Mit Powell werden sich Clinton und Aspin nicht nur über Sinn oder Unsinn einer vierfachen Luftwaffe streiten müssen. Der Verteidigungsminister und sein ranghöchster Militär sind sich zudem uneins darüber, welche Rolle die US- Streitkräfte in Zukunft spielen sollen. Während sich Aspin begrenzte Militäreinsätze zum Beispiel in Bosnien durchaus vorstellen kann, hält Powell nichts von solchen Ideen „sogenannter Experten“, wie er unlängst in einem Aufsatz des Magazins Foreign Affairs schrieb. Bei dieser Gelegenheit erteilte er dem neuen Präsidenten auch noch die Warnung, etwaige Budgetkürzungen nicht zu schnell vorzunehmen. Andernfalls sei mit wachsender Arbeitslosigkeit durch Entlassungen in der Rüstungsindustrie und sinkender Moral und Kampfbereitschaft der Armee zu rechnen.

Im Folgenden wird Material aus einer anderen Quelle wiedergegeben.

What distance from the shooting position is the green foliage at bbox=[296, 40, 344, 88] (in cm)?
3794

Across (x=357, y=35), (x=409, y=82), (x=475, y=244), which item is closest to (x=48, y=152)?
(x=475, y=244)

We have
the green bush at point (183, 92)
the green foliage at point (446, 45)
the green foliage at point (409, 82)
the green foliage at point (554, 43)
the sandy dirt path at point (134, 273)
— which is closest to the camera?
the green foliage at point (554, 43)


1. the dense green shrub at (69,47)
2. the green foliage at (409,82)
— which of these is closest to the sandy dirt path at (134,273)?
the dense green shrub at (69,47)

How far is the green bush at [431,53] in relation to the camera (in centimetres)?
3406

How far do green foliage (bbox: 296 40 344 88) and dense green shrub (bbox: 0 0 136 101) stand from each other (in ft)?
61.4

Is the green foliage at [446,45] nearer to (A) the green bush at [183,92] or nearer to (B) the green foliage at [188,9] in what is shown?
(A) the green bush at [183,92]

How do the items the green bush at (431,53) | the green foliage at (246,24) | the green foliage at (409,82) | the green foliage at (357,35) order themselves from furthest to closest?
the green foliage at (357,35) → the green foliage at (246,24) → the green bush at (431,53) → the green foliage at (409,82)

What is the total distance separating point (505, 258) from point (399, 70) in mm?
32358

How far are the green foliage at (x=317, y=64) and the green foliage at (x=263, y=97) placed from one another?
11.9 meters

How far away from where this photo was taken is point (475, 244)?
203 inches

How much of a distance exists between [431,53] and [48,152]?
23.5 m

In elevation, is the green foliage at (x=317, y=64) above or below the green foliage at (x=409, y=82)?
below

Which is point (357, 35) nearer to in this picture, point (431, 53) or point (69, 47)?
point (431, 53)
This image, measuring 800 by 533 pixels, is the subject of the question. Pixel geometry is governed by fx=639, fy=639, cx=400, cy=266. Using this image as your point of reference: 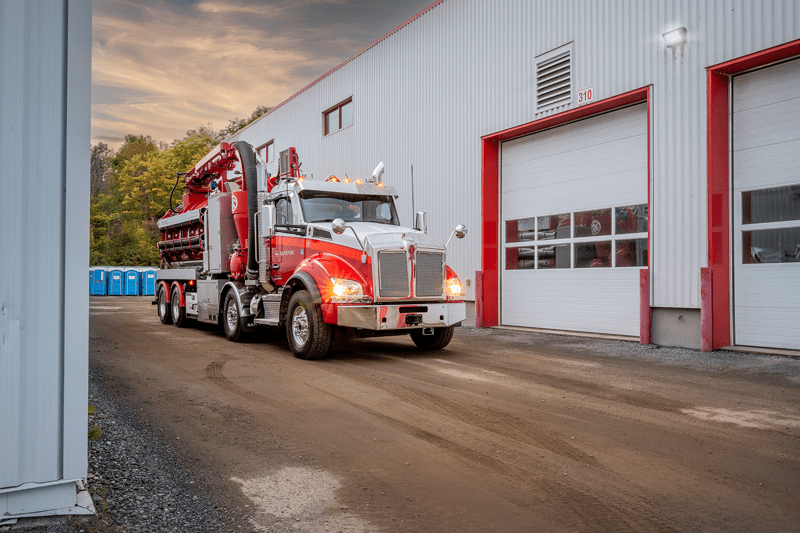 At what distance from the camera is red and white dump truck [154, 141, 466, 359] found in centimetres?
961

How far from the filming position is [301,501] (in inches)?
152

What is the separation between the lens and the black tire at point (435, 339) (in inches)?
429

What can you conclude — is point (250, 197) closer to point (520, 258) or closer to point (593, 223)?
point (520, 258)

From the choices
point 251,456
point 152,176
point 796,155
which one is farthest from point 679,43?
point 152,176

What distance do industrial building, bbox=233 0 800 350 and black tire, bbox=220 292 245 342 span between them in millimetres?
2794

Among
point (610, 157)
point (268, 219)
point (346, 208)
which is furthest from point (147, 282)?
point (610, 157)

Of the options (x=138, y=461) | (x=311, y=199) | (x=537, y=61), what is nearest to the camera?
(x=138, y=461)

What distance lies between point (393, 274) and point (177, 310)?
8.53 metres

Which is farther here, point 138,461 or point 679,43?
point 679,43

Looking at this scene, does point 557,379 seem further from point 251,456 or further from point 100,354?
point 100,354

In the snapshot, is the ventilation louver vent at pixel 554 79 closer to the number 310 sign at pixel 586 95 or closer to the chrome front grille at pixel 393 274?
the number 310 sign at pixel 586 95

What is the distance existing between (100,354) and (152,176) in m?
51.2

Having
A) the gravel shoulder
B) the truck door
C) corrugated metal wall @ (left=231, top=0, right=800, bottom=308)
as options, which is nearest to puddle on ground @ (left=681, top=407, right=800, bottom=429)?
the gravel shoulder

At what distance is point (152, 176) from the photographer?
57562mm
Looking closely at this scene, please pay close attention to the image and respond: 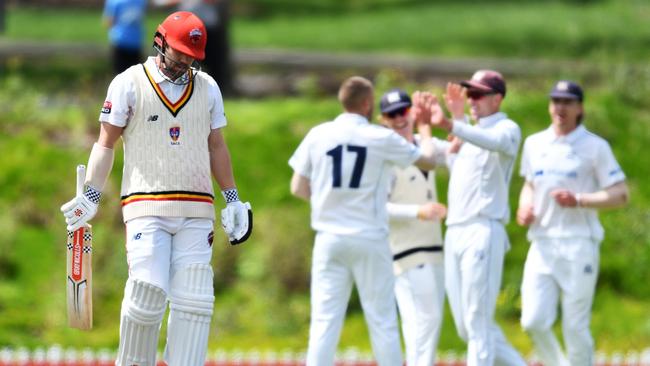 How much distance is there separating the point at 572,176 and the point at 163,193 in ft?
11.3

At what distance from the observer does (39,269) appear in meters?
16.2

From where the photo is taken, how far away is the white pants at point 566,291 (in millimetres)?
11180

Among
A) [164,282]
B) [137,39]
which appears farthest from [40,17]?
[164,282]

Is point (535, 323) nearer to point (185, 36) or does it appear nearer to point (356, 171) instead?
point (356, 171)

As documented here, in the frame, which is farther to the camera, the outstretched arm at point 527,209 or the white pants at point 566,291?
the outstretched arm at point 527,209

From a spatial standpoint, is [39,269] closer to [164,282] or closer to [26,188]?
[26,188]

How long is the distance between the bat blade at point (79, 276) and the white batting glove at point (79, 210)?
0.08 metres

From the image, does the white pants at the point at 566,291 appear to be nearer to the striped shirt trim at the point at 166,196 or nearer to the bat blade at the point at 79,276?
the striped shirt trim at the point at 166,196

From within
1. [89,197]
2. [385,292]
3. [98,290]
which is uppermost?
[89,197]

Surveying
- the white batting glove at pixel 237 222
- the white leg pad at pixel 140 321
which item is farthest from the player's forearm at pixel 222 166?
the white leg pad at pixel 140 321

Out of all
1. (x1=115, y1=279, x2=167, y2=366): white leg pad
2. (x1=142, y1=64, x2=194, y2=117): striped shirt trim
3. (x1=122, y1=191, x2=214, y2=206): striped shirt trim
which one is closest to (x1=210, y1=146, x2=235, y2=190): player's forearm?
(x1=122, y1=191, x2=214, y2=206): striped shirt trim

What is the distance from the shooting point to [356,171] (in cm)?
1063

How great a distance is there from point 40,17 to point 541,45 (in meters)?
7.95

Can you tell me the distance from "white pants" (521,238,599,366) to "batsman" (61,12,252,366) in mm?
3030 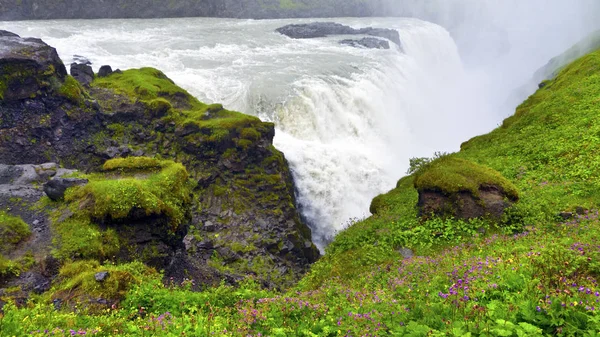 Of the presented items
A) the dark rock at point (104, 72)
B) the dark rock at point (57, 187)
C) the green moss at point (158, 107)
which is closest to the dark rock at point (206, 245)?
the dark rock at point (57, 187)

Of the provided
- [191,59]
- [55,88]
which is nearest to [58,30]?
[191,59]

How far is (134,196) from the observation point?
40.5ft

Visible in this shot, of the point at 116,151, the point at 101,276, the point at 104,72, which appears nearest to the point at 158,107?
the point at 116,151

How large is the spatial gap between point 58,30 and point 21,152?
1877 inches

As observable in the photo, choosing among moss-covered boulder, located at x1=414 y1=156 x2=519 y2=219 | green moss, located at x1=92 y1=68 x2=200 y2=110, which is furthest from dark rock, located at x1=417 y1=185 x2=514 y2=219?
green moss, located at x1=92 y1=68 x2=200 y2=110

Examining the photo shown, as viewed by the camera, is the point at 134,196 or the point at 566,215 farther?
the point at 134,196

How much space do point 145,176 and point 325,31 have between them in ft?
219

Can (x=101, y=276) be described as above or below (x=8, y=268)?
above

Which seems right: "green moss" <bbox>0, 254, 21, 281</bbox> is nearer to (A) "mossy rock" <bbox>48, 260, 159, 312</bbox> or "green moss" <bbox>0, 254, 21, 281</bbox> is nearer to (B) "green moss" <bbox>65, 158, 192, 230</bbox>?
(A) "mossy rock" <bbox>48, 260, 159, 312</bbox>

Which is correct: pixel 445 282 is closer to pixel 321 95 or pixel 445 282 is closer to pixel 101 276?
pixel 101 276

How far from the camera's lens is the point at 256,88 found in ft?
108

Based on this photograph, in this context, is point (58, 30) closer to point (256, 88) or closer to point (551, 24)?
point (256, 88)

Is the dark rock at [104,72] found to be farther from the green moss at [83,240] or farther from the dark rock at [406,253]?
the dark rock at [406,253]

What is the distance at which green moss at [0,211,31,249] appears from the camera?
10.8 meters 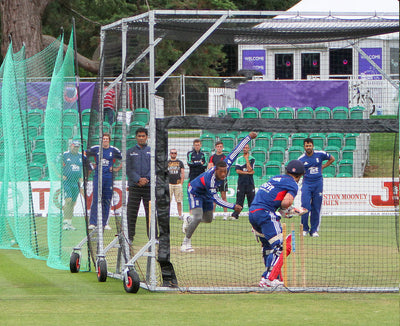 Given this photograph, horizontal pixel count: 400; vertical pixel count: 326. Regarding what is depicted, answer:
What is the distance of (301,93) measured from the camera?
80.1 ft

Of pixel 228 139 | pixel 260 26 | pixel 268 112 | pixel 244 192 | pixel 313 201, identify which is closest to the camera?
pixel 260 26

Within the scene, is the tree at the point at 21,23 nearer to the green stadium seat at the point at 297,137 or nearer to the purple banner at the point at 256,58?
the purple banner at the point at 256,58

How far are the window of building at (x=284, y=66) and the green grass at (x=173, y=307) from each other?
2037 centimetres

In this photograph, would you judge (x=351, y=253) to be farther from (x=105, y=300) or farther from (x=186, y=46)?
(x=186, y=46)

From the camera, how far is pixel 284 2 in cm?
4438

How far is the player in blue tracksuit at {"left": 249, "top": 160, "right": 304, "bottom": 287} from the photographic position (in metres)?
9.95

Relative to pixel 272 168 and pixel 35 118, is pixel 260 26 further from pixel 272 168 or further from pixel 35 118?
pixel 35 118

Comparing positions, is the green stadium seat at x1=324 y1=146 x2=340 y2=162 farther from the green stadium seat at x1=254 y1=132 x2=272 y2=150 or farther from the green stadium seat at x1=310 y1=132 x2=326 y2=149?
the green stadium seat at x1=254 y1=132 x2=272 y2=150

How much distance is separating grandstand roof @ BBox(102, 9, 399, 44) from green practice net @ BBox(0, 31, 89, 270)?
2133 mm

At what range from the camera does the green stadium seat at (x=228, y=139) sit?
851 inches

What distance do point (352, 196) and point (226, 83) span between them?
8211 millimetres

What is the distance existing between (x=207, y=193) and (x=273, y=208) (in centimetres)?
277

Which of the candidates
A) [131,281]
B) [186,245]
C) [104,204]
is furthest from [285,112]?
[131,281]

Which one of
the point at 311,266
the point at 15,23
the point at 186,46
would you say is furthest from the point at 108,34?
the point at 186,46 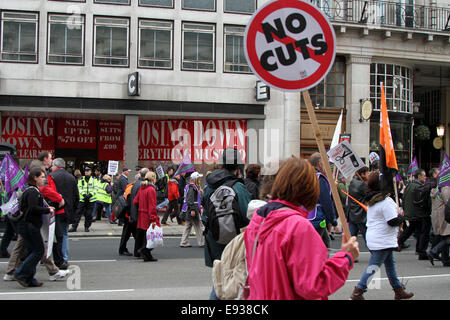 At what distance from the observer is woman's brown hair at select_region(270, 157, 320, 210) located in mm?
3057

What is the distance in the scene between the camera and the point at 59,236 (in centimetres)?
998

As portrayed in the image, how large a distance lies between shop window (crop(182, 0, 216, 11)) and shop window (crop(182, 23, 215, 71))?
709 millimetres

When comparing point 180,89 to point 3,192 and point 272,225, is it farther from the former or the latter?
point 272,225

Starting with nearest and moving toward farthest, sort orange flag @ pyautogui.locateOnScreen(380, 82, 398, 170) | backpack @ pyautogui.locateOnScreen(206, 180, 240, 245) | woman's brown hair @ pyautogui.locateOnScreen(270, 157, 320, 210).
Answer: woman's brown hair @ pyautogui.locateOnScreen(270, 157, 320, 210) < backpack @ pyautogui.locateOnScreen(206, 180, 240, 245) < orange flag @ pyautogui.locateOnScreen(380, 82, 398, 170)

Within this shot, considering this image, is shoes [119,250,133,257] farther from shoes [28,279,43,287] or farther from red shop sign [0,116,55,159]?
red shop sign [0,116,55,159]

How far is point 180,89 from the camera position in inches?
940

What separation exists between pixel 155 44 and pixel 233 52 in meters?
3.41

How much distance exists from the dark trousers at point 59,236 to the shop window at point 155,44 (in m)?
14.5

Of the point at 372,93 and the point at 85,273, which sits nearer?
the point at 85,273

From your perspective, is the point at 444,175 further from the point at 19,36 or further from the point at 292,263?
the point at 19,36

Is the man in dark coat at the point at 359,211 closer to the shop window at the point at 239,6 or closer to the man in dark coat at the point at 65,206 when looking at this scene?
the man in dark coat at the point at 65,206

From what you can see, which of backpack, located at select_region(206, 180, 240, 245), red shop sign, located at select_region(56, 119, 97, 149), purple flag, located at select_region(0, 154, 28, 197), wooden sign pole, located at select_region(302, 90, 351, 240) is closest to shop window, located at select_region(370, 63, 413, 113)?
red shop sign, located at select_region(56, 119, 97, 149)

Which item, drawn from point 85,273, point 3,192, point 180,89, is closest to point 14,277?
point 85,273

So manches an dieser Auseinandersetzung zwischen den Generälen und der neuen Administration in Washington erinnert an das Aufsatzthema des preisgekrönten Oberstleutnant Charles Dunlap. Die Putschabsichten gehören in den Bereich der Fiktion, die politischen Ambitionen keineswegs. Mit seinen gezielten Bremsmanövern gegen Bill Clinton kann sich Colin Powell durchaus als Kandidat um das Präsidentenamt im Jahre 1996 profilieren.